Figure 1.6: Logic Pro digital audio workstation software. Additional functionality is provided by 3rd-party plugins showing as additional windows on the screen. In the foreground are an audio interface and a MIDI keyboard used for recording/playing audio and entering note information respectively. Image © Musicianonamission/CC-BY-SA-4.0.
The computer-centric approach dominated synthesis for a decade or more, but by the 2010s, improved electronics manufacturing, smartphone technology, and the open-source movement led to lower cost modular synthesizers. Additionally, the Eurorack standard11 was widely adopted, leading to +10,000 interoperable modules.12 As a result, modular synthesis saw a resurgence in popularity. Figure 1.7 shows a Eurorack modular synthesizer.
Figure 1.7: A Eurorack modular synthesizer. The different modules designs and logos reflect the adoption of the Eurorack standard which makes modules from different manufacturers interoperable. Image © Paul Anthony/CC-BY-SA-4.0.
It is perhaps surprising that some 60 years after its creation, modular synthesis is more popular than ever. One possible reason is the reduction in price over time, shown in Table 1.1. However, other trends seem to be at work. While the modular synthesizer was simplified for wider adoption early in its history, first with semi-modular and later with digital synthesizers, the culmination of this trend led to large preset and sample banks that transformed the task of creating a specific sound to searching for a pre-made sound. It's plausible that as the search for sounds became more intensive, the time savings of presets diminished, making the modular approach more attractive. An intersecting trend is a commonly-expressed dissatisfaction with using computers for every aspect of music making and a corresponding return to hardware instruments, including modular.

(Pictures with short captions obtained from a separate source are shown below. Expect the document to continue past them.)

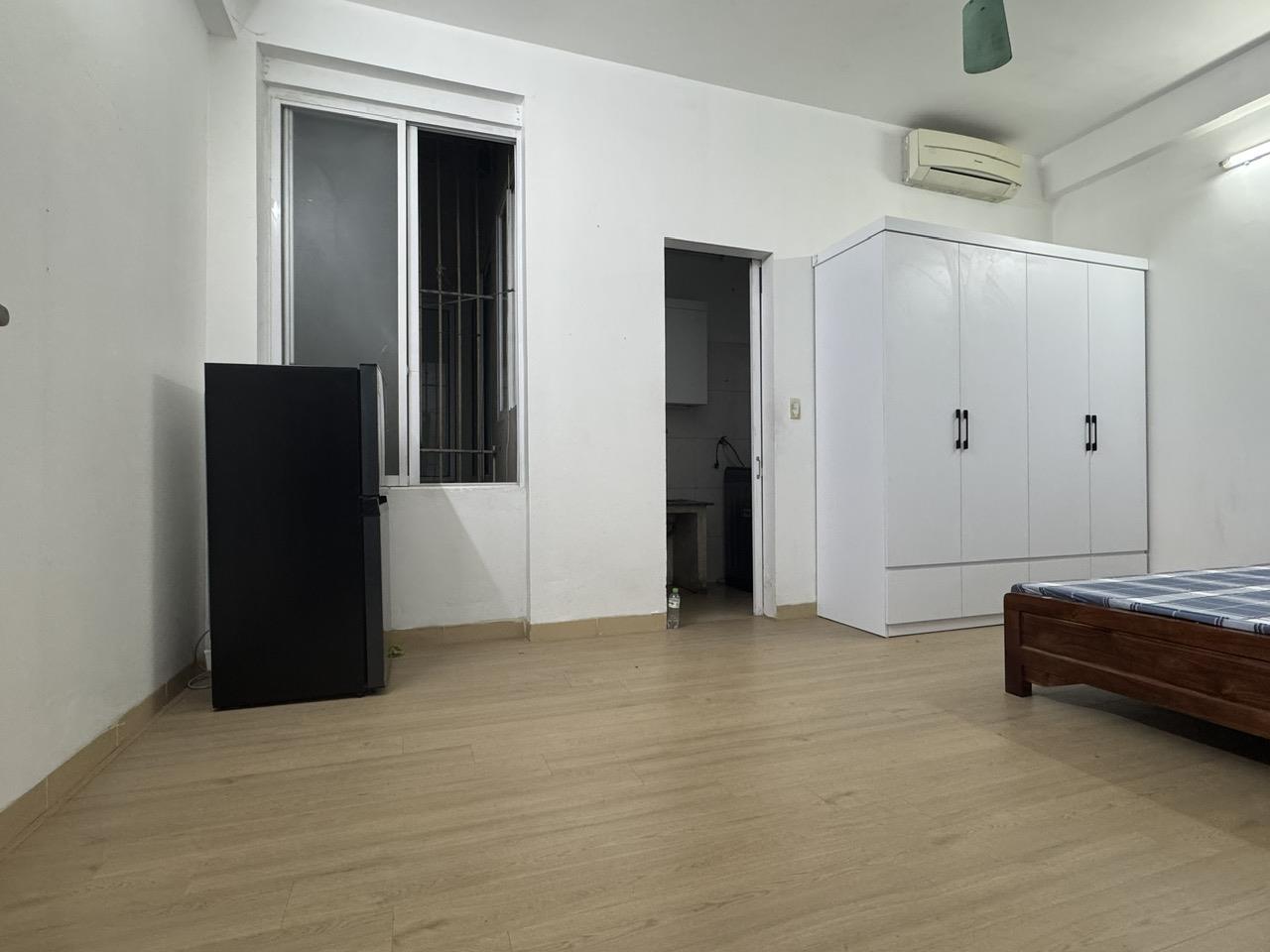 Cho thuê phòng mới đội cấn, ba đình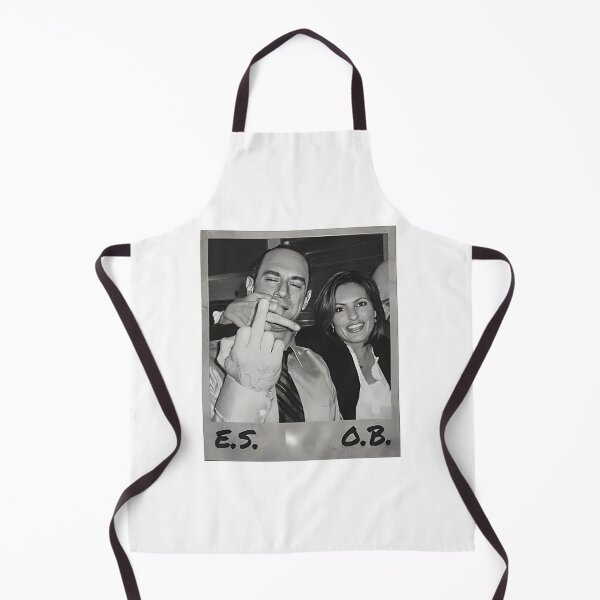 Item preview, Elliot Stabler And Olivia Benson designed and sold by collette-aldana.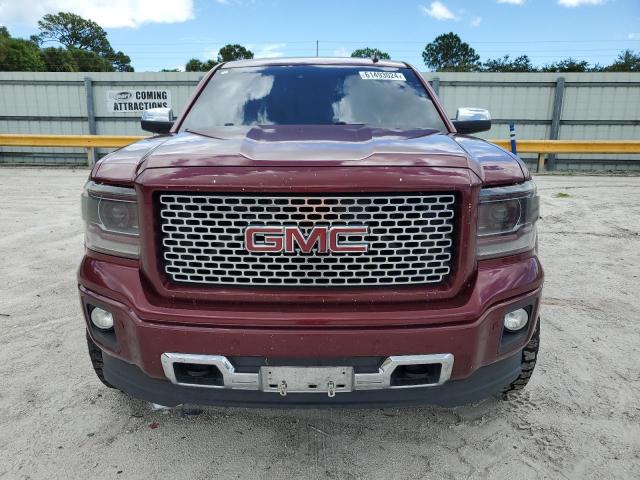 2014 GMC Sierra K1500 Denali VIN: 3GTU2WEC7EG340038 Lot: 61493024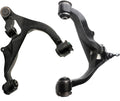2PC Front Lower Control Arm FITS 5 Lug Wheels for Dodge Ram 1500 2006-2018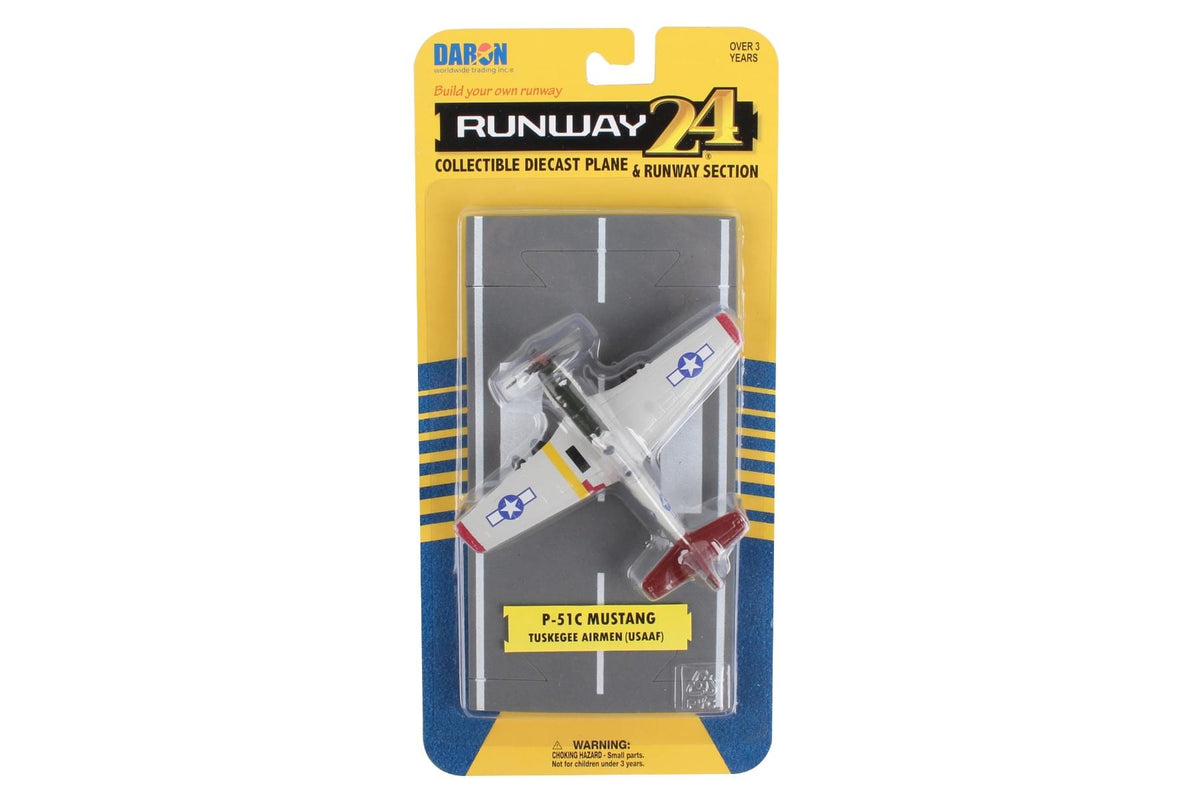 RUNWAY24 P51 TUSKEGEE AIRMEN The Airplane Shop.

| Decade | Synthesizer | Cost |
|---|---|---|
| 1960s | Moog modular synthesizer | $96,000 |
| 1970s | Minimoog semi-modular | $10,000 |
| 1980s | Yamaha DX7 | $6,000 |
| 1990s | Gateway computer with Cubase | $8,000 |
| 2010s | ALM System Coupe modular | $2,400 |
| ... | VCVRack virtual modular | Free |
Earlier in this chapter, I argued that a computational thinking approach to modular could help with other synthesizers and studio production tools. Hopefully this brief history helps explain why: modular represents the building blocks of synthesis that later approaches have appropriated and presented in their own way. A square wave oscillator in modular is fundamentally the same as that in another hardware synth or DAW software. If you understand these building blocks in modular, you should understand them everywhere.
1.4 Moving forward
The next two chapters will focus on "understanding the problem." Chapter 2 reviews both the physics of sound and our perception of it, which perhaps surprisingly, are not the same. From there we move into sounds commonly found in music and their properties, ranging from harmonic sounds to inharmonic sounds like percussion in Chapter 3.
Modular synthesis is properly introduced in Chapter 4 with an overview of modules and how they connect together. This is the foundation of the "make a plan" stage of problem solving. The remainder of the book alternates between learning model elements (modules), how they interact (patches), problem solving (sound design). The progressive Modules and Sound Design sections build up from basic approaches to the more complex. By the time we're done, you should have a good foundation to create patches to solve new sound design problems.